Checkmate - Dorothy Dunnett [51]
Lymond was whispering. His voice, agreeably eerie, echoed through the foggy stone vaulting.
‘O God breake thou theyr teeth at once
Within theyr mouth throughout
The tuskes that in their great chaw bones
Like Lions whelpes hang out.’
The two figures hesitated. Philippa fitted a dart to her blowpipe. Lymond’s voice, a little louder this time, said hollowly, ‘May Gibil devour you! May Gibil catch you! May Gibil kill you! May Gibil consume …!’
The words rose to a shout. The clash of steel on stone drowned it. The man nicknamed Ringwood had rushed into the traboule. With a roar and a sweep of his sword he slashed the hooded figure which loomed in the darkness. The head of St Peter, immovably benign, jumped from its shoulders. With equal precision Lymond stepped from the shadows and forced his sword through the hide, flesh and bone of Ringwood’s broad leather back.
Ringwood fell. The statue tottered. Lymond pulled out his sword. Philippa, vouchsafed at last a perfect view of Royster plunging in to the rescue, aimed her sarbacane, took a deep breath and spat.
Royster screamed. Two other shapes, rushing precipitately in from the roadway, hesitated, stopped, and remained suspended, like washed-out dye, in the entrance. Lymond kneeling said, ‘Christ.… My dear girl, you’ve killed him.’

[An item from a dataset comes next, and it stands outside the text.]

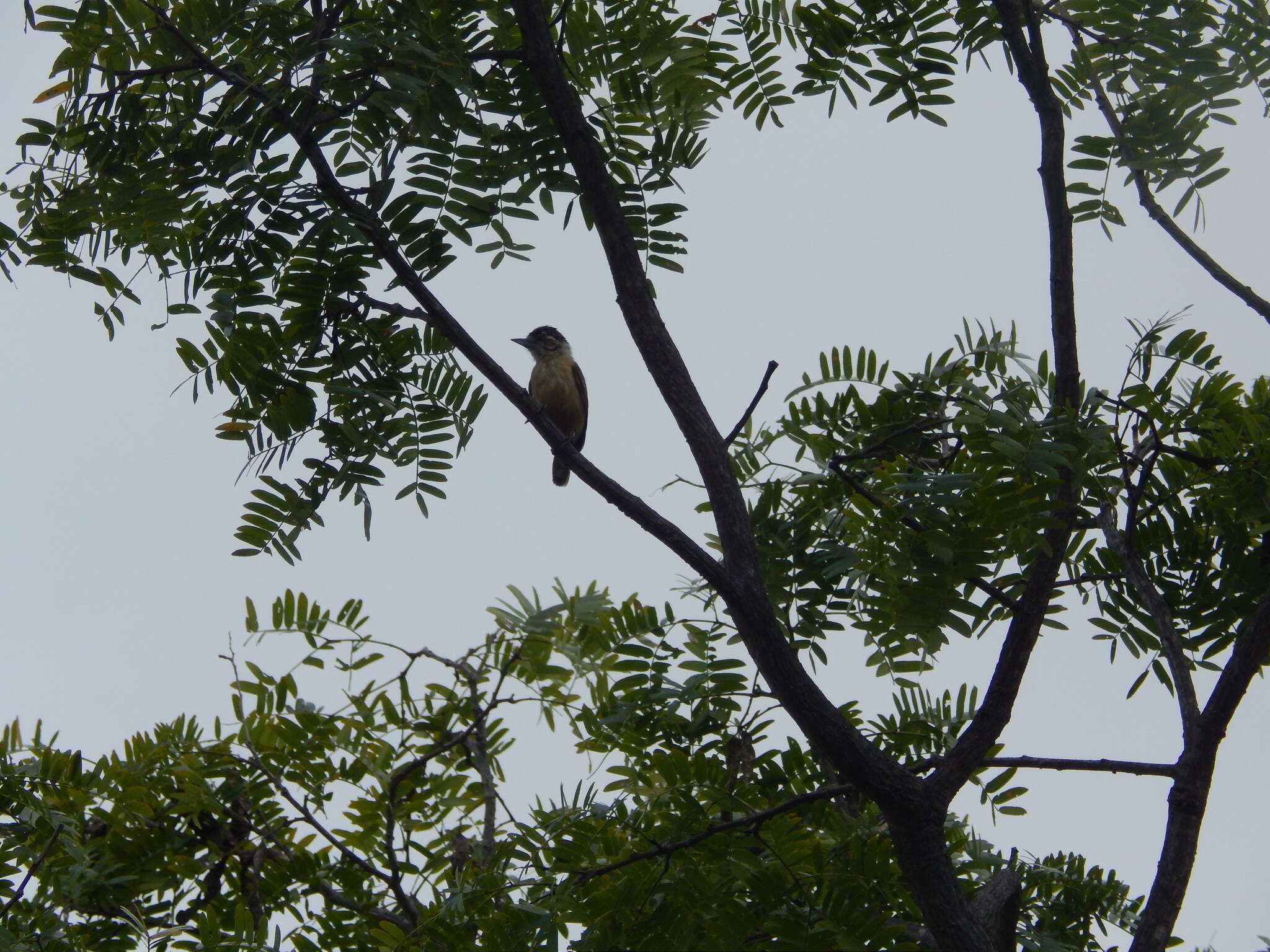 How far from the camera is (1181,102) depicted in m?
2.86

‘I meant to,’ said Philippa irritably. ‘To devise is the work of the master: to execute, the act of the servant. There’s a courtyard there with a couple of workshops, a turnpike tower and a stable.’ She spat again, and a yell came from the mouth of the traboule. One of the shadows, clutching its shoulder, was cursing. She said, ‘You could try banging on a few doors, but they’ll be mad if they answer,’ and realized that she was talking to herself: Lymond had passed her like a wraith and was already in the courtyard banging on doors. The two men at the entrance of the traboule stayed where they were, debating. The man or men at the opposite end had made no further sign either. It seemed to argue that they were pretty certain there was no escape possible. She thought they were probably waiting for reinforcements.
Philippa put the pipe in her teeth like a flautist, and kicking off her shoes, began unhooking her bodice. The men in the entrance arch faded and vanished. She called, ‘They’ve gone! Mr Crawford!’ and hopped to her feet, kicking aside her discarded gown and petticoat as Lymond, reconstituted, became again visible.

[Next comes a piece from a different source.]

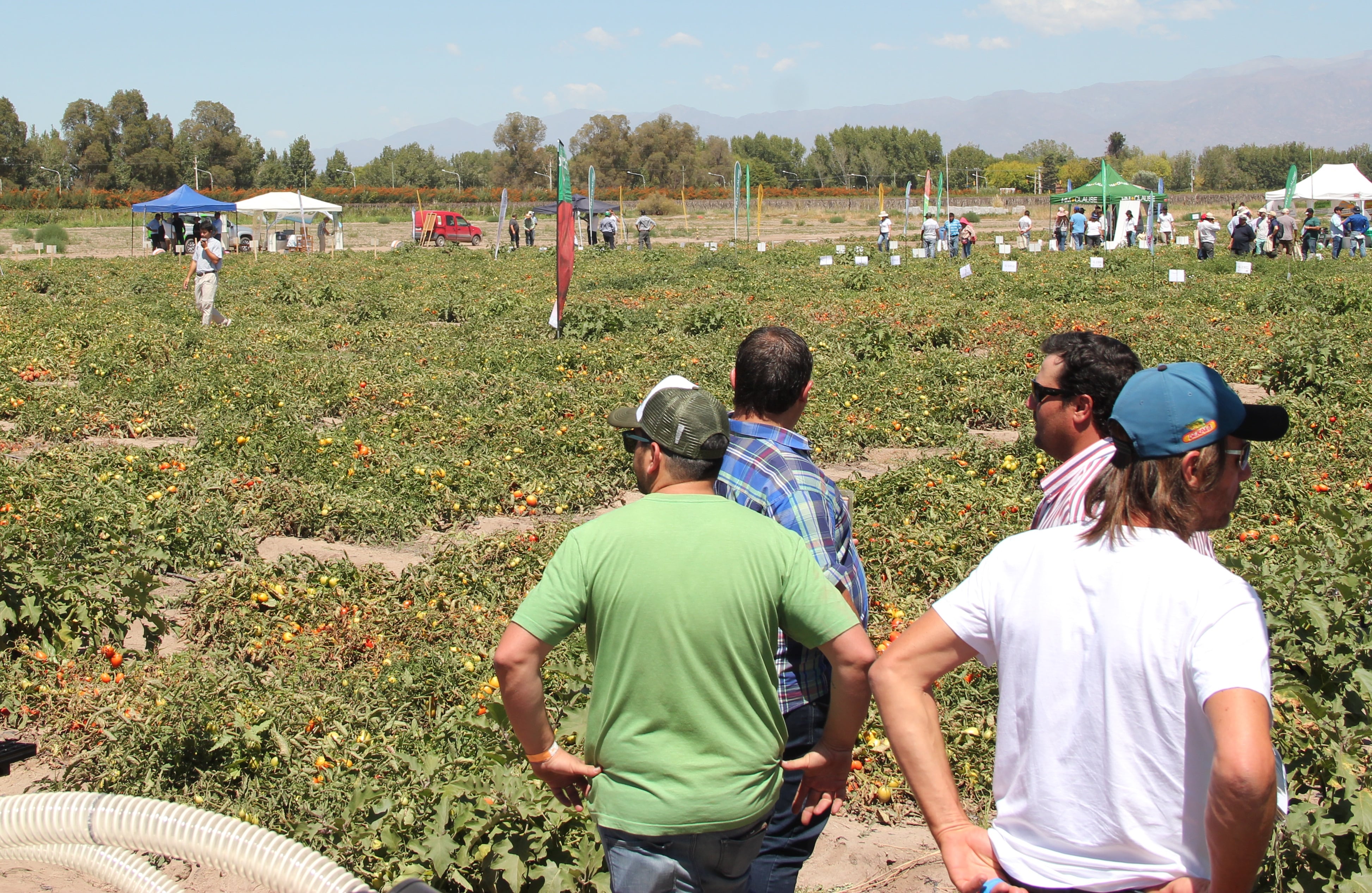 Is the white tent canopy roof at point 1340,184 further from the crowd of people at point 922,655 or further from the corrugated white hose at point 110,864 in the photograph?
the corrugated white hose at point 110,864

He examined the traboule entrance and with equal interest the knee-length chemise of his companion. ‘At least we’ll let them think we think so,’ he said. ‘What in God’s name are you doing?’

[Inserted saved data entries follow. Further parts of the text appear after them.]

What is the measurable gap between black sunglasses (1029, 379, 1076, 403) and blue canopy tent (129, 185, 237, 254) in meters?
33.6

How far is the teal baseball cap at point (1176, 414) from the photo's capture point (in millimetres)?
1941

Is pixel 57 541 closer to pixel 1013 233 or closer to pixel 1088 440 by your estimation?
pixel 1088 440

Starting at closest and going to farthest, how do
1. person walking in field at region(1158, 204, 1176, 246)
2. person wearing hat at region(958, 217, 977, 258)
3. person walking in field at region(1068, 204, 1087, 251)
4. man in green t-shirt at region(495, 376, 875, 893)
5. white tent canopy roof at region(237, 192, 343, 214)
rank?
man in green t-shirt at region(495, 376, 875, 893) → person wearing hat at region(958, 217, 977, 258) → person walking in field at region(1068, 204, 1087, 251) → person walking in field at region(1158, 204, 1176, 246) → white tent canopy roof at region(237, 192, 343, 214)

‘Looking for a piece of string,’ said Philippa. ‘Since someone gave away my pearl cincture.’
Lymond pulled undone the knot of his shirt and tossed her the silk cord with its aiglets. ‘Kirtle your chemise up with that, and keep your cloak on. I’ve managed to break a few locks. There’s a horse, a knife-grinder’s and a shoemaker’s workshop. Hurry. They’re bound to try and come in from the quayside.’
She took St Peter’s lamp with her. He had the courtyard lanthorn already inside the stable. The cobbler’s workshop produced thirty left-footed shoes on a spar, a greasy felt helmet and a tunic apron, the last two of which covered her hair and her chemise respectively. She chose two identical shoes and jammed them on, hopping, prior to making one or two fast dispositions. A horse’s feet, trampling excitedly inside the stable, told that Lymond was occupied also. She returned from the traboule in time to see him race over the courtyard and up the first flight of a turnpike.
He came down again almost immediately. ‘There’s a group of men on the quay at our entrance.